=== WORK INSTRUCTIONS ===
Beginning with the line that contains "Boating Ibiza", print each line to the end of the data exactly. Omit the pictures.

————

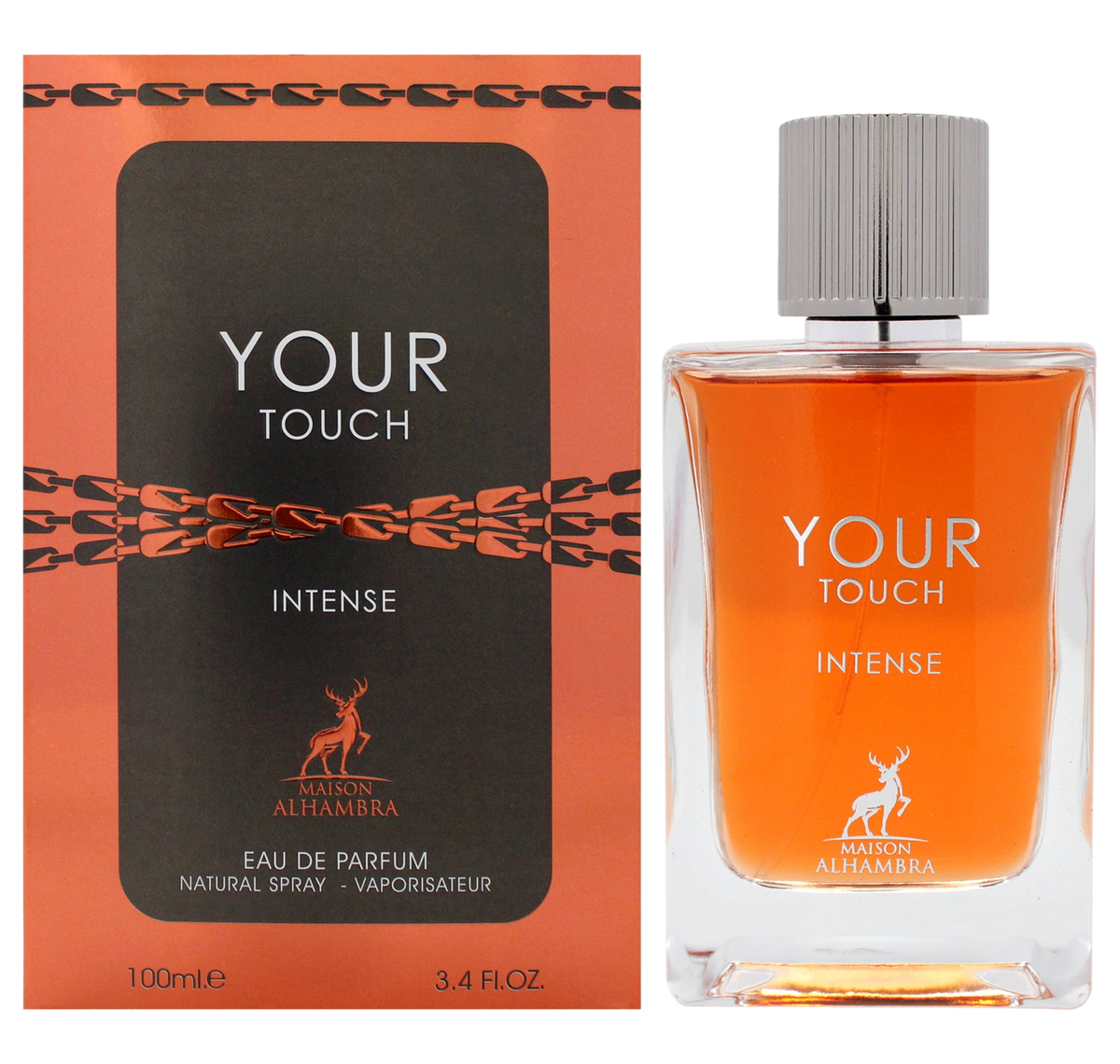 Maison Alhambra Maison Alhambra Your Touch Intense EDP 3.4OZ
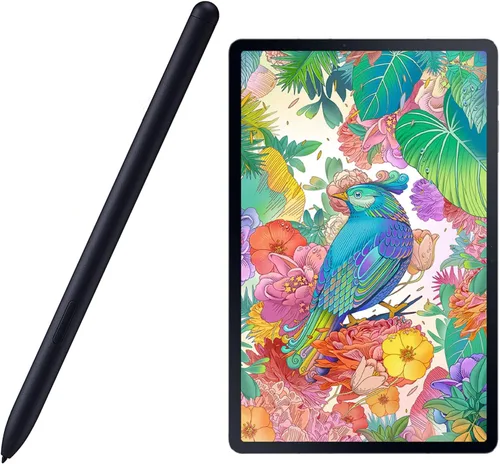 Vista 3 de Puntero de repuesto para Samsung Galaxy Tab S7, Tab S7+ Plus, Tab S7 FE S Pen Stylus + puntas/puntas (bolígrafo negro)
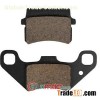 Semi-metal Auto Parts/Brake Pads, Fit for Mitsubishi, Silent Braking Action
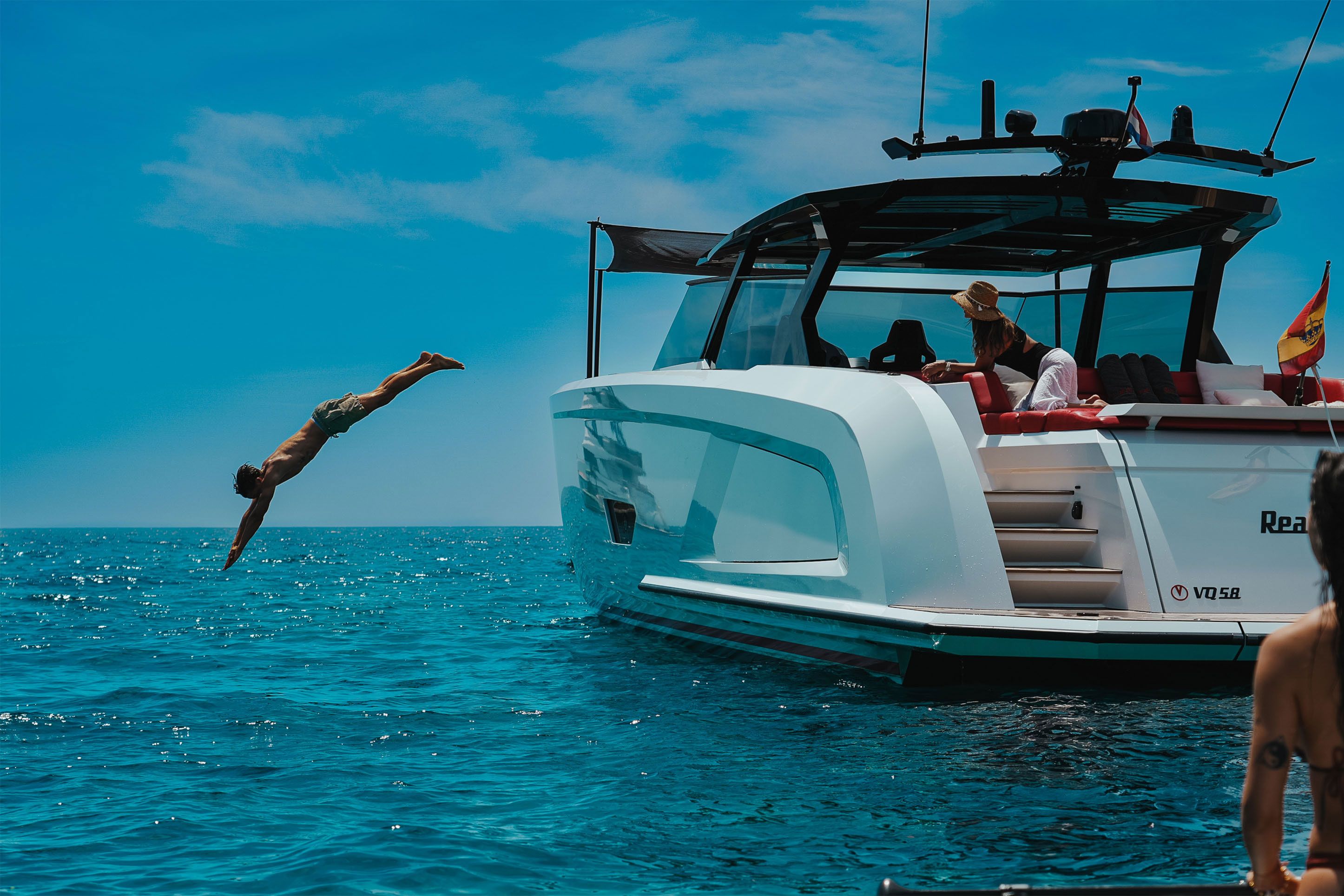 Boating Ibiza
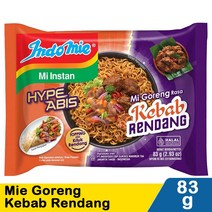 Indomie Mie Goreng 케밥 렌당 83g (6개들이)
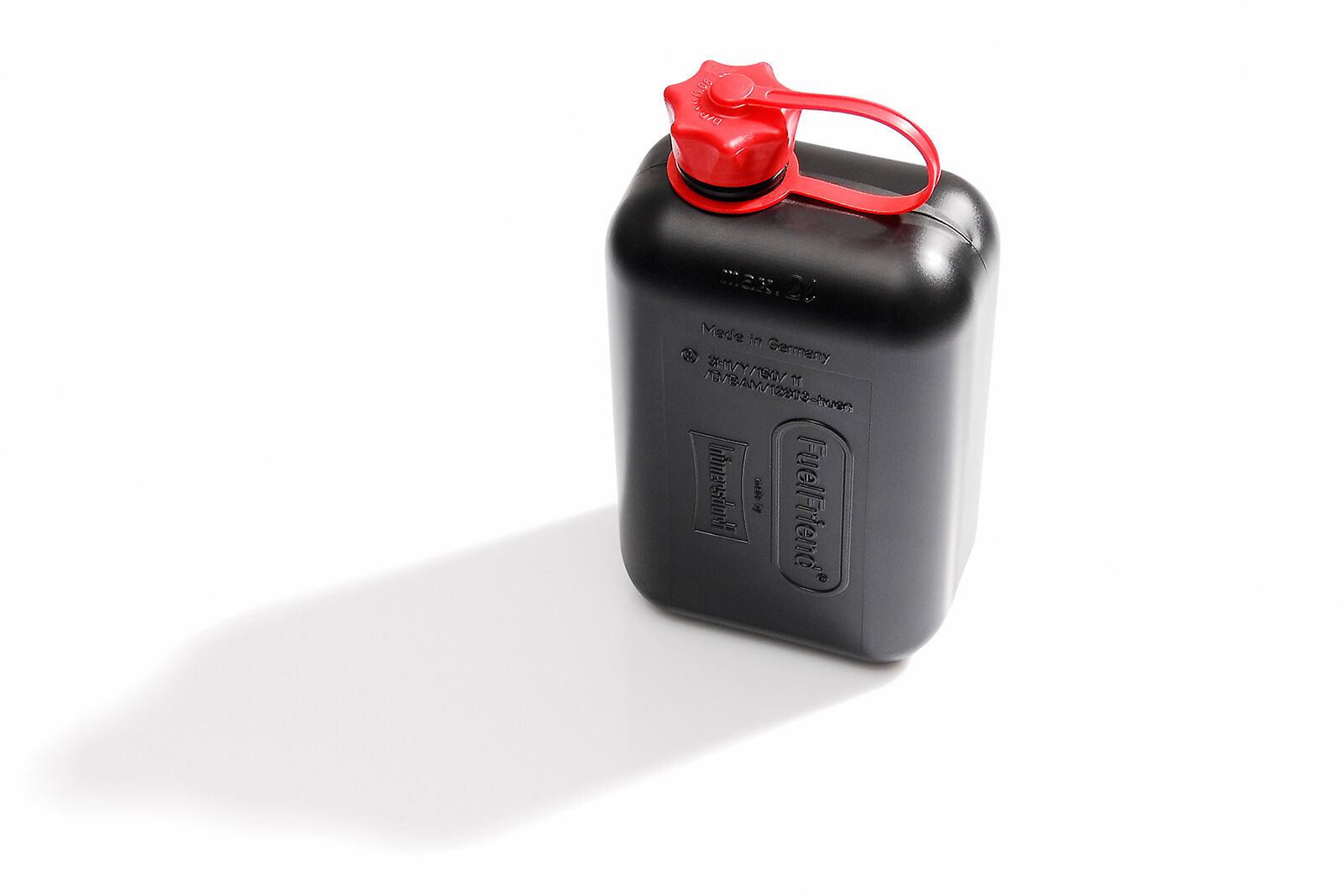 Sw-MotechTanica benzina TRAX 2 l. Plastica. Colore nero.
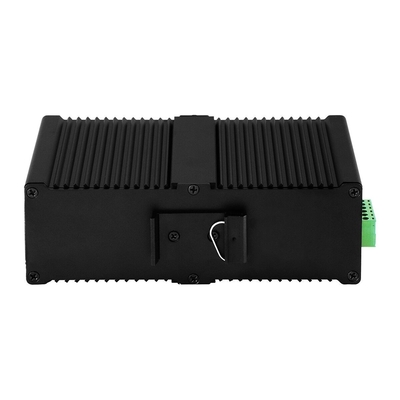 مفتاح POE الصناعي المدار لتحويل بيانات جيجابيت عالية الكفاءة Supprot bt 90W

————

=== WRITTEN SOLUTION ===
 Boating Ibiza
 Indomie Mie Goreng 케밥 렌당 83g (6개들이)
 Sw-MotechTanica benzina TRAX 2 l. Plastica. Colore nero.
 مفتاح POE الصناعي المدار لتحويل بيانات جيجابيت عالية الكفاءة Supprot bt 90W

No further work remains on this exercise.